THE DATA:
↓↓↓

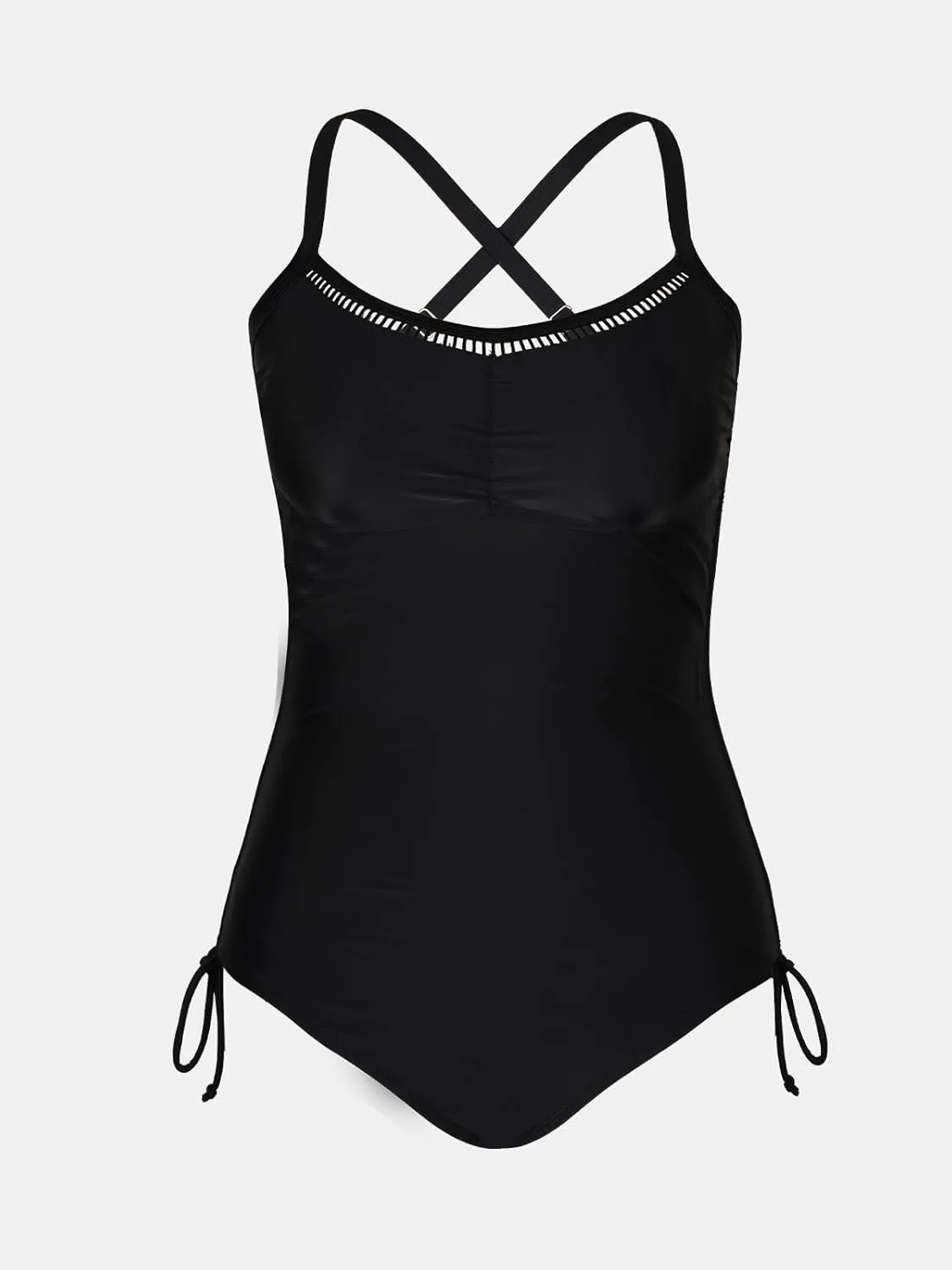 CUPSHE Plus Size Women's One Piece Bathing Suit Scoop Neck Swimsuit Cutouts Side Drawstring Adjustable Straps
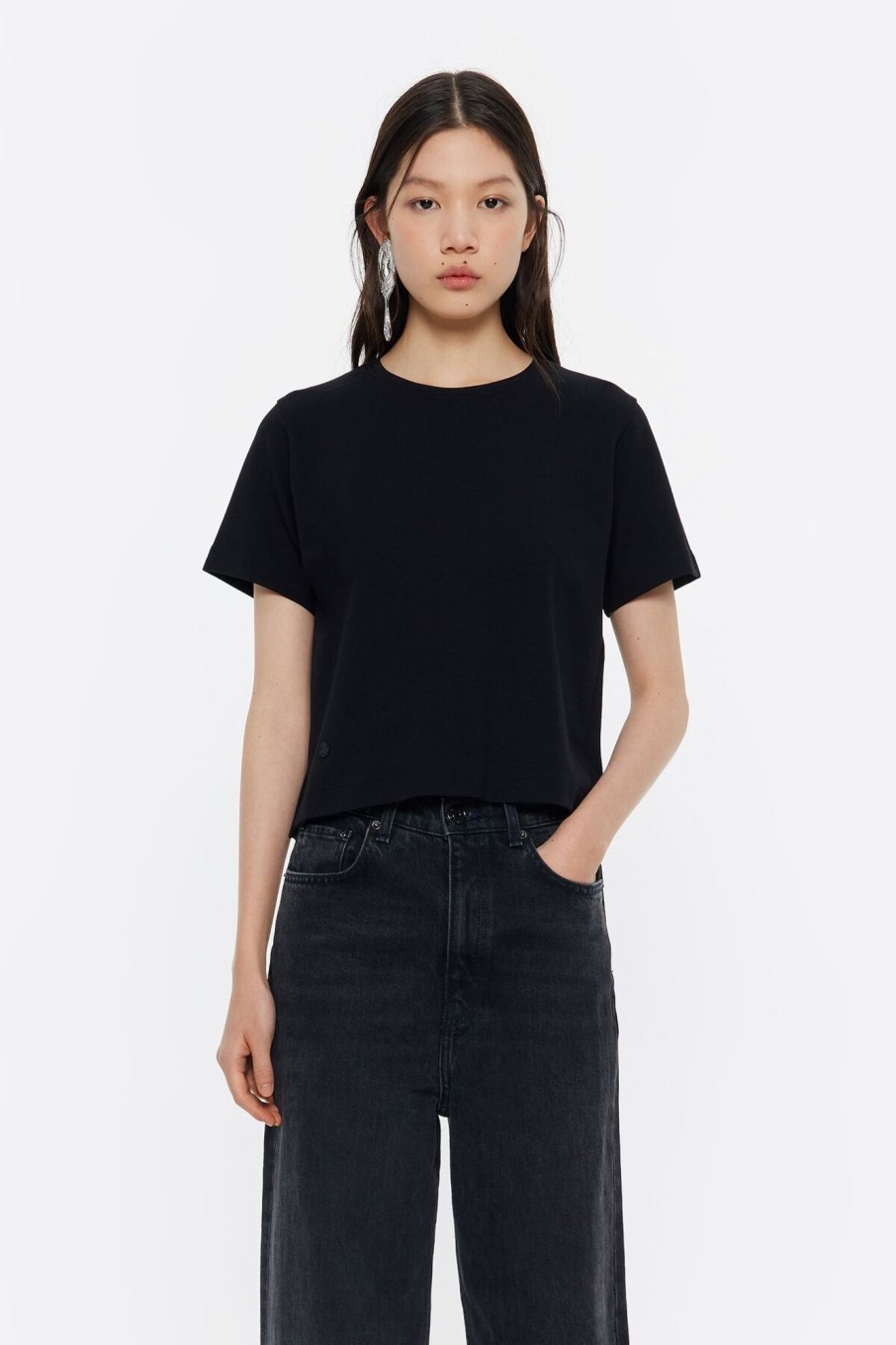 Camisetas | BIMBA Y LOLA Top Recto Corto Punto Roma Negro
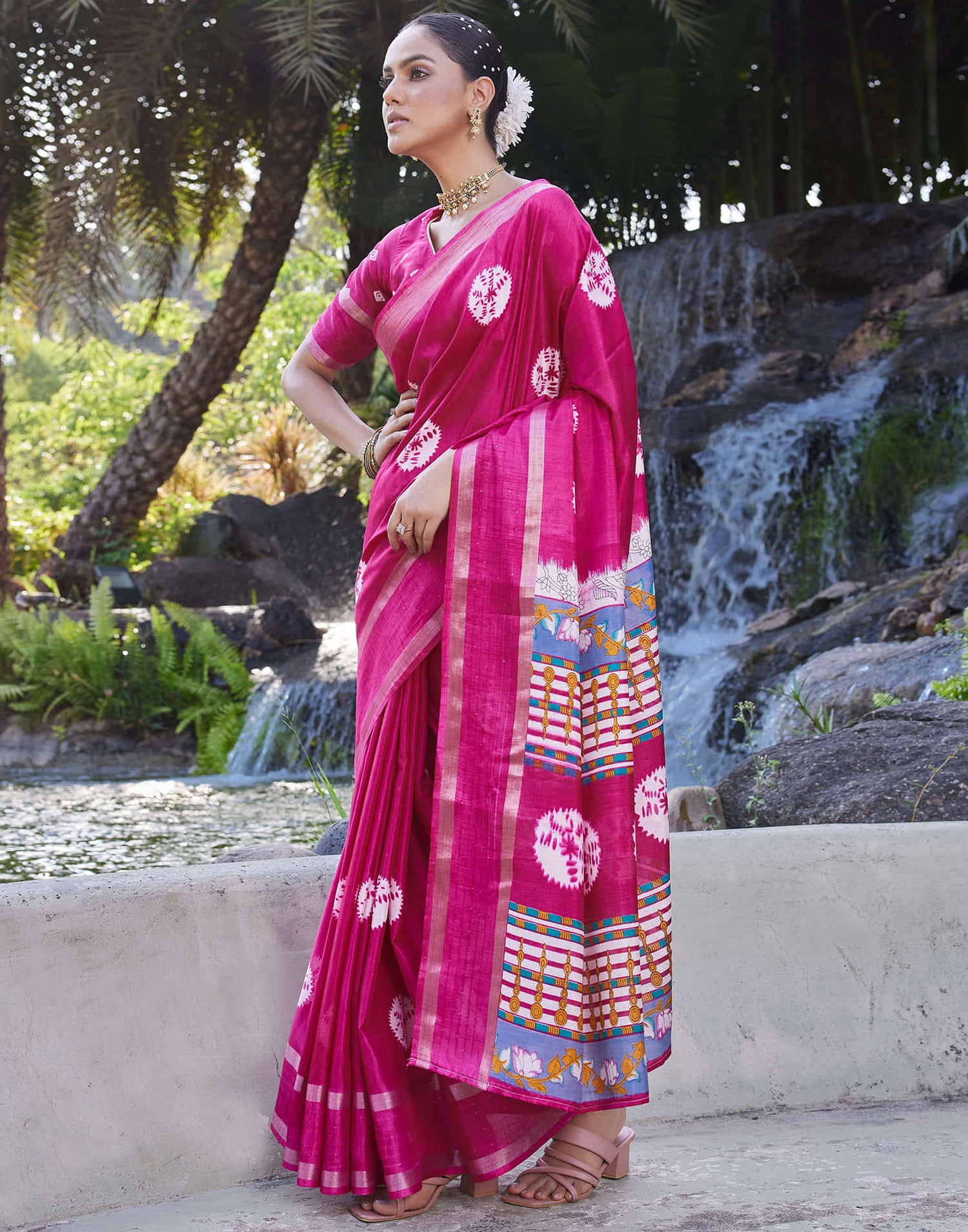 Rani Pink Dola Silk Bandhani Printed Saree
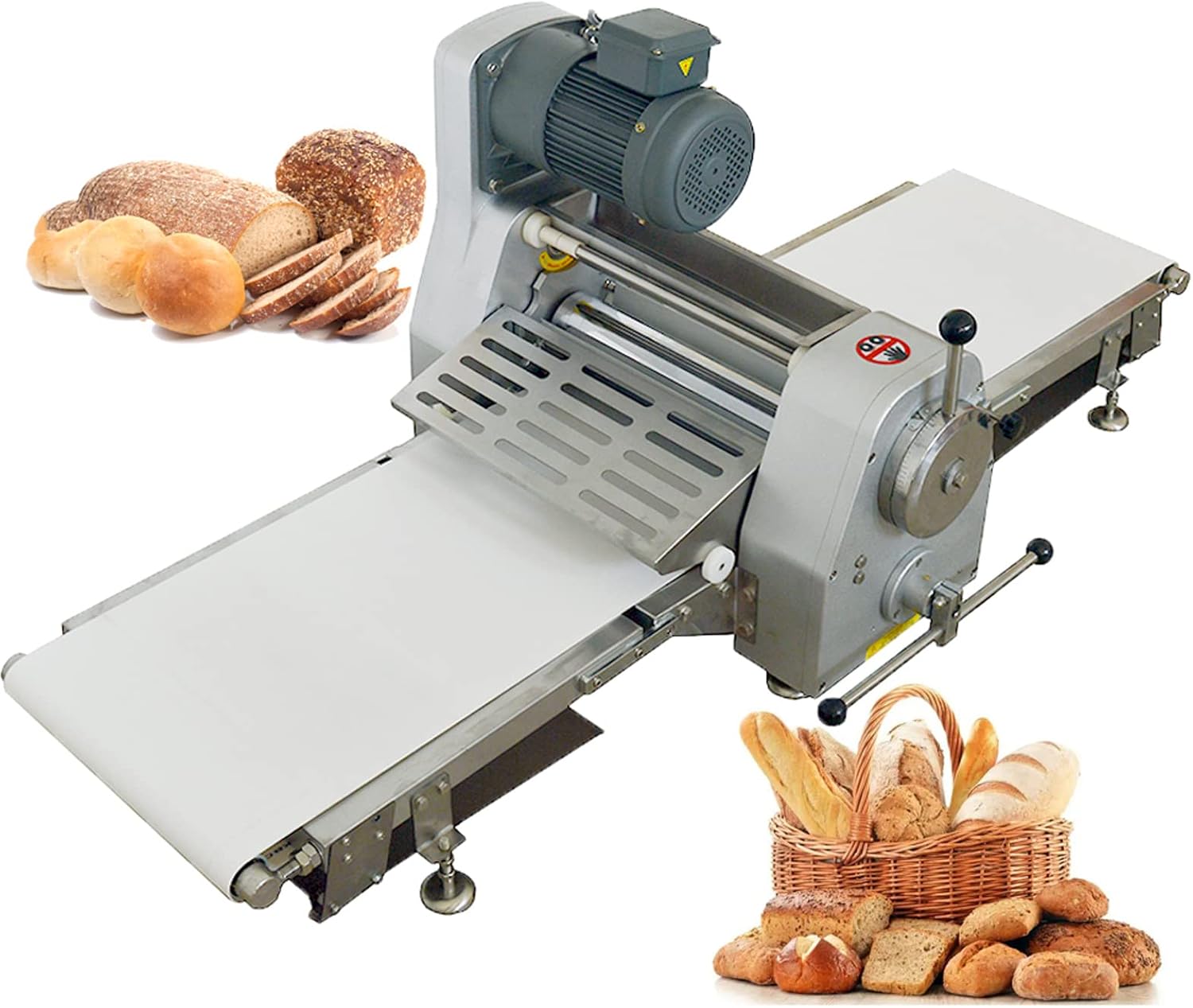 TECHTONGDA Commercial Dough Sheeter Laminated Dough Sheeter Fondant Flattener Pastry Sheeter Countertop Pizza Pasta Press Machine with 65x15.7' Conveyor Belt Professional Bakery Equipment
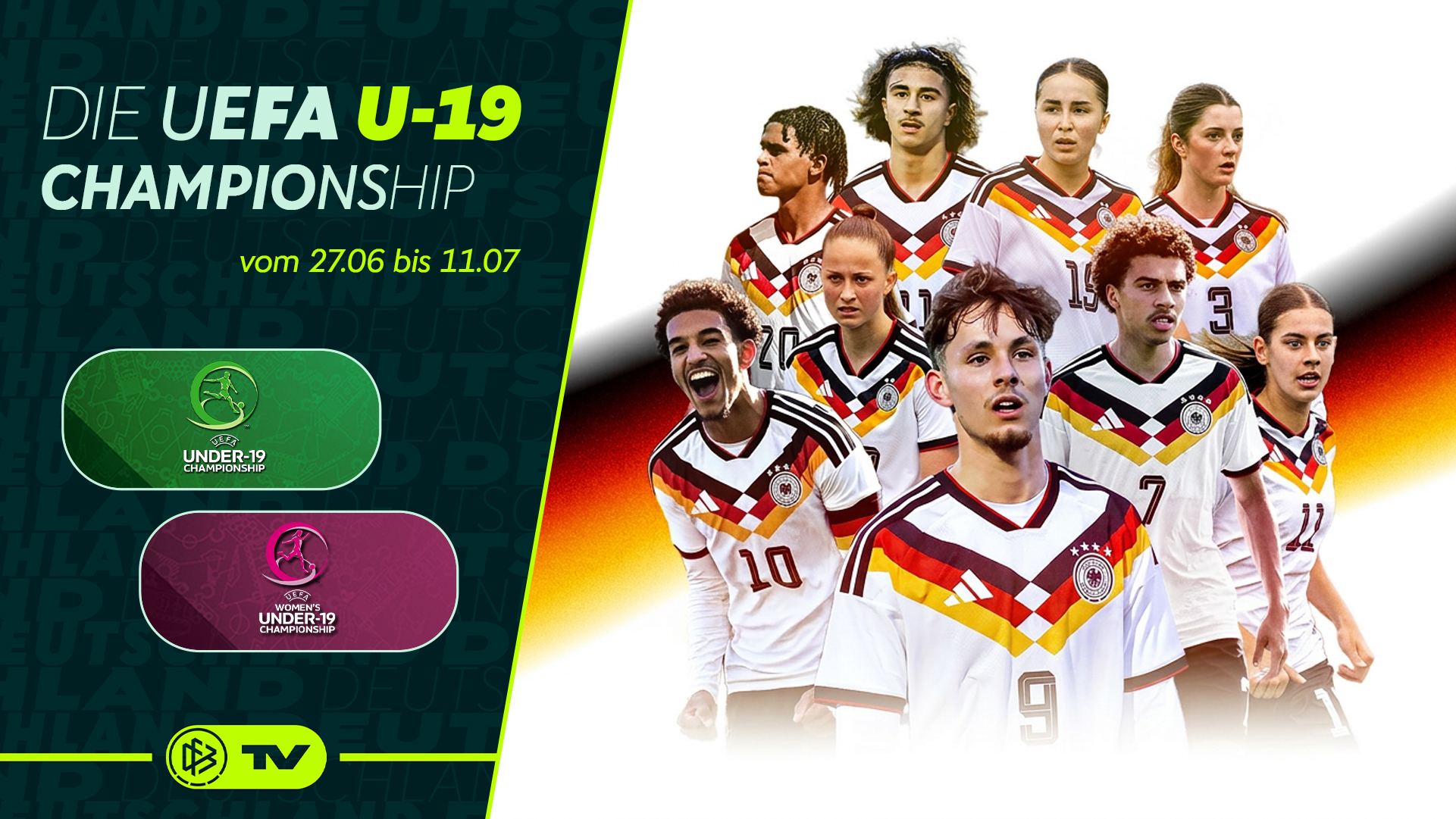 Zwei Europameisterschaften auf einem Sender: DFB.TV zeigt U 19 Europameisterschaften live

↑↑↑

HOW TO COMPLETE THIS TASK:
Without the pictures, reproduce every line of the records above exactly.

EXERCISE OUTPUT:
 CUPSHE Plus Size Women's One Piece Bathing Suit Scoop Neck Swimsuit Cutouts Side Drawstring Adjustable Straps
 Camisetas | BIMBA Y LOLA Top Recto Corto Punto Roma Negro
 Rani Pink Dola Silk Bandhani Printed Saree
 TECHTONGDA Commercial Dough Sheeter Laminated Dough Sheeter Fondant Flattener Pastry Sheeter Countertop Pizza Pasta Press Machine with 65x15.7' Conveyor Belt Professional Bakery Equipment
 Zwei Europameisterschaften auf einem Sender: DFB.TV zeigt U 19 Europameisterschaften live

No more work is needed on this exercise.